Almighty and most merciful Father, we have erred, and strayed from thy ways like lost sheep. We have followed too much the devices and desires of our own hearts. We have offended against thy holy laws. We have left undone those things which we ought to have done; and we have done those things which we ought not to have done; and there is no health in us.

I mean "no health in us" is a bit over the top, for sure, but the rest of it is a pretty good turn of phrase, don't you think?

On the Catholic front, I had a thing for Pope John XXIII and will treasure forever the opportunity I had to watch him celebrate mass at St. Peter's in Rome on Easter Sunday up close (just to the left of the main altar). I had a thing for the Argentine pope, Jorge Bergoglio, despite his arguably conservative leanings, because I saw him as a warm-hearted grandfather.  And these days I'm quite taken with Leo, the American pope currently on the throne of St. Peter.  He and I speak a similar form of American English, so he's easy to listen to, especially when he takes on Donald Trump for his hostility toward immigrants - which is, I guess, another way of saying I see him as an authentic, not-fake, Christian.  
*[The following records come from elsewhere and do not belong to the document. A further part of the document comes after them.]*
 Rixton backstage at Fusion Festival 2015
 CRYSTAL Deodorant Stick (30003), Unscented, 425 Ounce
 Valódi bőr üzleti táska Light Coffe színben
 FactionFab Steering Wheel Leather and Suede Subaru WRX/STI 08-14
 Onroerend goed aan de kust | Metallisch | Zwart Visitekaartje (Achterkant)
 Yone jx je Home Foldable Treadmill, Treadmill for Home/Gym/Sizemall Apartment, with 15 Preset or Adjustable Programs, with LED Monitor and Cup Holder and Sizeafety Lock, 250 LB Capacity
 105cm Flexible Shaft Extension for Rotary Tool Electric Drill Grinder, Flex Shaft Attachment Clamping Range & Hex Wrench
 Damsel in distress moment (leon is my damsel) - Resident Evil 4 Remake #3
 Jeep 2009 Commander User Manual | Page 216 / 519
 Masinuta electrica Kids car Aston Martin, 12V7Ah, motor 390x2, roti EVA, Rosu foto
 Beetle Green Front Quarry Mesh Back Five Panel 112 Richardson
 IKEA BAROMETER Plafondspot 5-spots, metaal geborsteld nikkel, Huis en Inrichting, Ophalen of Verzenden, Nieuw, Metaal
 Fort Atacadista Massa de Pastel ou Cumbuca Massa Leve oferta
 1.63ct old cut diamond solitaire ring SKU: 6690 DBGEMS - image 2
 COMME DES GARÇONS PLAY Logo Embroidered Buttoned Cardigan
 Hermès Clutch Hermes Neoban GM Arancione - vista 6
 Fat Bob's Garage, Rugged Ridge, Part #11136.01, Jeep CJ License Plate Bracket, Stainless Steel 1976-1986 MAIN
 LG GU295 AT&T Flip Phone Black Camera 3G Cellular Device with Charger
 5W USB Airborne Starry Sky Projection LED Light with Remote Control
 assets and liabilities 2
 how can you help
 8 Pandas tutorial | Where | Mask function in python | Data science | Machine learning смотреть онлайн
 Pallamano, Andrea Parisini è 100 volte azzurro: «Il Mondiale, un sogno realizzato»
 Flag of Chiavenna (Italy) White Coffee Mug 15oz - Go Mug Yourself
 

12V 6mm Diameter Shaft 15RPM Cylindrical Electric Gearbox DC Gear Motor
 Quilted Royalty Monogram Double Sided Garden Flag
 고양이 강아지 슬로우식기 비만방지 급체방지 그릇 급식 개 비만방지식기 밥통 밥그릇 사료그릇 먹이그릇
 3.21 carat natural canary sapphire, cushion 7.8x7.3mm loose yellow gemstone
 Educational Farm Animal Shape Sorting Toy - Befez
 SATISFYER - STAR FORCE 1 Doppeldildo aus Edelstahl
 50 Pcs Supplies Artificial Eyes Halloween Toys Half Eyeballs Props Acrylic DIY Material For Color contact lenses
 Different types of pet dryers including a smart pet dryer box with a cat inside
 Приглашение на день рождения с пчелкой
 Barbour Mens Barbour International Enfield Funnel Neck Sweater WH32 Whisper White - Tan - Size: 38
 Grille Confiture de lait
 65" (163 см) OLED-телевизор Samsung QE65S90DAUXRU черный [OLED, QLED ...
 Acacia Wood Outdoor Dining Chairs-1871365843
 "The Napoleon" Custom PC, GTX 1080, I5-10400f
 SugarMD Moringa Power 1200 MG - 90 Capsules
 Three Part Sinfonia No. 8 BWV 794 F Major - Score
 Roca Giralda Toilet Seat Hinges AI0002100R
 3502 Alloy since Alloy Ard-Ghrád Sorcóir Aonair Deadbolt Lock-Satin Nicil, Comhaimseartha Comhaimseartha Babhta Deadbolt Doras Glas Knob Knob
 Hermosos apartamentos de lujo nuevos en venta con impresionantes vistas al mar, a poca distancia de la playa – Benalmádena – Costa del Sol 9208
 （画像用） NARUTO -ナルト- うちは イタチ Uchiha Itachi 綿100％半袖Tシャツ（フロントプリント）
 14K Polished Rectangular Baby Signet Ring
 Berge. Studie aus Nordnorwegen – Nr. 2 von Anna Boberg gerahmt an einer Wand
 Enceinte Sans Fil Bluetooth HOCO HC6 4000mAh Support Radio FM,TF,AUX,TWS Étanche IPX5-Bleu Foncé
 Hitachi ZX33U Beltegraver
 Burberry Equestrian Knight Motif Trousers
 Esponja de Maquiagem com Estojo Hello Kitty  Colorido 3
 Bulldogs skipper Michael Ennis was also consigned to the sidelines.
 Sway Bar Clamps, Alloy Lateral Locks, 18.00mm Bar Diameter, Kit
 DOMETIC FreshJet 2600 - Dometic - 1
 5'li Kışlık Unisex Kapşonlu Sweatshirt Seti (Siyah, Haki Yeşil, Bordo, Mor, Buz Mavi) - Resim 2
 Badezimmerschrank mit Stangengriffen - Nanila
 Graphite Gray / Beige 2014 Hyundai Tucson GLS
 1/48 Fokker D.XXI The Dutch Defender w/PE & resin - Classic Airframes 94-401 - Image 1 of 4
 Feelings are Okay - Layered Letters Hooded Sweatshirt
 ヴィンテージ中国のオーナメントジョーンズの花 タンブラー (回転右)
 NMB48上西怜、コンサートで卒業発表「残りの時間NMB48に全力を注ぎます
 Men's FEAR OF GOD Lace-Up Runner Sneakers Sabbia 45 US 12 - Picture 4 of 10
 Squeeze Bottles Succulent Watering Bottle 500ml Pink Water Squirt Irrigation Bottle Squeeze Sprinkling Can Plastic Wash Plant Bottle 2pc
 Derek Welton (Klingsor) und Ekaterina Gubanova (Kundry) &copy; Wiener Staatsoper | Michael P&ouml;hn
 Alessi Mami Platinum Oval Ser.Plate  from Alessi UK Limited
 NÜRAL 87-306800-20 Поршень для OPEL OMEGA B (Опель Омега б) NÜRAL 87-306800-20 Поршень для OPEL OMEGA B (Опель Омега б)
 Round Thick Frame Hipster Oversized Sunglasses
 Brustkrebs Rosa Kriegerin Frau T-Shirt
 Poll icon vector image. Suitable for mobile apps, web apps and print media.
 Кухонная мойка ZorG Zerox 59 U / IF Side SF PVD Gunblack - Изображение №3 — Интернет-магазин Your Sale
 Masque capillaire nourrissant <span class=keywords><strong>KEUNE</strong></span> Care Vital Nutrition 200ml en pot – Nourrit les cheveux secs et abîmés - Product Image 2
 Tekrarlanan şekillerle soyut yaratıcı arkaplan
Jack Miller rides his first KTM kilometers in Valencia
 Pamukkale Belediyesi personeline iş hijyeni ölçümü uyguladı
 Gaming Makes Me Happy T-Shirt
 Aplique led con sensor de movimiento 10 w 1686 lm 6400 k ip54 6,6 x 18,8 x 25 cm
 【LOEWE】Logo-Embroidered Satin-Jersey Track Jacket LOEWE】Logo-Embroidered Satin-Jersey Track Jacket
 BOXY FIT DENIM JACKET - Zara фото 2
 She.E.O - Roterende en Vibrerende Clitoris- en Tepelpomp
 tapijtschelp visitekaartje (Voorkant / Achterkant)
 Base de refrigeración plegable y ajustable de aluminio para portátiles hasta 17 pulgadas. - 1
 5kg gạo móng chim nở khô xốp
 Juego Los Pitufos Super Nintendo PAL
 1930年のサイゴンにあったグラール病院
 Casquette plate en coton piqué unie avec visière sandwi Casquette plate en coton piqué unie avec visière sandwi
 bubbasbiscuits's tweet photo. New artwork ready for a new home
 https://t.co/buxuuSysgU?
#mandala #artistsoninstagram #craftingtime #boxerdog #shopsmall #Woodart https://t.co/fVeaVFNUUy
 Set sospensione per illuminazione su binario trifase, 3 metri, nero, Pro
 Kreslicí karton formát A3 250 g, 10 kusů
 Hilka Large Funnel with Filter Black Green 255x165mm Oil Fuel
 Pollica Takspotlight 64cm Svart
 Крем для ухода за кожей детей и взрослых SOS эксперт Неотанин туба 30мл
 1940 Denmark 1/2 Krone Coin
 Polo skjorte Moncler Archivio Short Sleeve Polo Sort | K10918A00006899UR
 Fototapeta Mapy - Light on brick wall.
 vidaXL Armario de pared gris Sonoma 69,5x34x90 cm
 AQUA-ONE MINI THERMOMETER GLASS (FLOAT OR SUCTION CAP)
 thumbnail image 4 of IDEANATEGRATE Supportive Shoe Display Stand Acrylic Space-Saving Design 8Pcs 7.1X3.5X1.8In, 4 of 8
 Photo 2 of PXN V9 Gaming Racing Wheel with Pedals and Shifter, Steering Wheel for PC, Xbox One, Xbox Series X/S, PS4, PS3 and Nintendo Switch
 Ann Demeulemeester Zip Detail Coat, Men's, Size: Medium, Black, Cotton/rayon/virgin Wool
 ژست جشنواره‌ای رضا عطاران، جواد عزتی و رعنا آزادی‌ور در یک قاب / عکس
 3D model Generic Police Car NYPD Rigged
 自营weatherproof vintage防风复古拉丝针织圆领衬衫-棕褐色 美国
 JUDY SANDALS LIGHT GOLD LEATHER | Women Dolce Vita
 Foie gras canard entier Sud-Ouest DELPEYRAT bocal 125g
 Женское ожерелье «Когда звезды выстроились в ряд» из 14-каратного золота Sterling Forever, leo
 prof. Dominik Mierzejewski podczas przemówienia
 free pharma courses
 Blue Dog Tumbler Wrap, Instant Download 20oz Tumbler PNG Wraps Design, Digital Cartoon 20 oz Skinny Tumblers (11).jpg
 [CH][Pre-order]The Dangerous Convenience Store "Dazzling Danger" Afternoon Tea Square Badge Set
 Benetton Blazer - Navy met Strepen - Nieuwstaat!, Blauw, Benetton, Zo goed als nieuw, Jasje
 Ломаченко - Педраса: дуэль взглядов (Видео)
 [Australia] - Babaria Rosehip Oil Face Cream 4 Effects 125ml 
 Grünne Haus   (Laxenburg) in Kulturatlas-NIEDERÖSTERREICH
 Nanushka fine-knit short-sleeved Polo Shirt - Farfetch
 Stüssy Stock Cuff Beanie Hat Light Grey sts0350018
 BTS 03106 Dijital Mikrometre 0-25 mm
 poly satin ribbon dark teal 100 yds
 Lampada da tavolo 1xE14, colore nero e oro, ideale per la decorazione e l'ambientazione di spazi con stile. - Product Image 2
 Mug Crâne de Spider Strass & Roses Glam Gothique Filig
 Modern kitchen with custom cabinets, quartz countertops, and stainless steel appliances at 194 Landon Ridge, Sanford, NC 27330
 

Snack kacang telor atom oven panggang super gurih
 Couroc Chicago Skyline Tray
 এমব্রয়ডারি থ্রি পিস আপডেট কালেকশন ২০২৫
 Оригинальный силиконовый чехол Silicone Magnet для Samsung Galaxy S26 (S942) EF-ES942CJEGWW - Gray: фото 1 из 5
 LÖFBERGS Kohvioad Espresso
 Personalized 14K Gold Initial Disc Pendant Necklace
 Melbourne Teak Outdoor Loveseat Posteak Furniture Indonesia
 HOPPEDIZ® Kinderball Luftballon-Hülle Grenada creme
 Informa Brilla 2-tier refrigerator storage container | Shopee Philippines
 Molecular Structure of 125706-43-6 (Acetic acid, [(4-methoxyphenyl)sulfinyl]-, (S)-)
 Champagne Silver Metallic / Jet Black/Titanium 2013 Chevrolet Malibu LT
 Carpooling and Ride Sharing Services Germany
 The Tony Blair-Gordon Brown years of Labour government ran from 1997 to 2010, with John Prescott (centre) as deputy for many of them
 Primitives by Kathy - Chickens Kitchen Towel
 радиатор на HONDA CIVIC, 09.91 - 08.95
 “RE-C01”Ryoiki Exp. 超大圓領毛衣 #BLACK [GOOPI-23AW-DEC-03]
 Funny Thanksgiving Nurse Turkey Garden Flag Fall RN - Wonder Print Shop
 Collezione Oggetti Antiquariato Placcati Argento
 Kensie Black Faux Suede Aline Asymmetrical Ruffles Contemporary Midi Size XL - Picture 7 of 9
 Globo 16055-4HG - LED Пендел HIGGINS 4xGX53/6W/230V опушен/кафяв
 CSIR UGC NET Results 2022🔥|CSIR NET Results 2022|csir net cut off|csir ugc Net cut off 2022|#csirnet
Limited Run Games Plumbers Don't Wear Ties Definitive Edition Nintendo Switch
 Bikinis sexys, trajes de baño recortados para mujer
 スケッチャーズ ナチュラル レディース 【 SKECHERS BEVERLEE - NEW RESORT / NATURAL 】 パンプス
One nice thing about growing old.  I've lived long enough already to recognize that just because it has taken years to find common ground, it doesn't mean it isn't there...




Friday, February 20, 2026

Old Dogs

 The other day I came across a YouTube video which appeared to have been made by George Will.  I found the message inspiring and immediately forwarded the link to friends.

No sooner did that link make the rounds when the smell of a rat reached the nose of my friend Bill, who for the nth time pointed out to me that I had been suckered.  I'd like to say that I've learned my lesson, but the sheer number of times I've been taken in by these faux reports indicates that that remains to be seen.  Meanwhile, all I can do is hope my friends have a greater capacity for checking for veracity than I do and a greater inclination to do so.  To my chagrin, I have to conclude that my e-mail messages should carry the warning: DO NOT TAKE THIS POST SERIOUSLY UNTIL YOU HAVE VERIFIED THIS INFORMATION.  With that, of course, I need to accept responsibility to be less quick at the draw when it comes to passing on "information."

In my naiveté, I wondered aloud to Bill why anyone would want to milk the progressive left like that. Why make the effort to provide hope and encouragement for your opponents?  Bill wrote back immediately that it must be that YouTube financially rewards those who get the most viewers, and they know that we on the side of resistance to the trump phenomenon are easy pickins.

Which raises a number of questions. I'm a huge fan of YouTube, I've watched hundreds of hours of entertainment videos, piano concertos and the like, and can't imagine life without this great source of information and enrichment coming into my life. I've sung YouTube's praises any number of times. Now it appears even monkeys fall from trees, even YouTube is part of the great American willingness to sell out for big bucks.

That's all I want to say here. Tread softly.  Never mind the big stick; just tread cautiously.  Tomorrow may be another day, hopefully a better one (here you'll pardon me if I talk to myself for a minute).

But keep the lights on.

And this old dog will work harder at learning new tricks.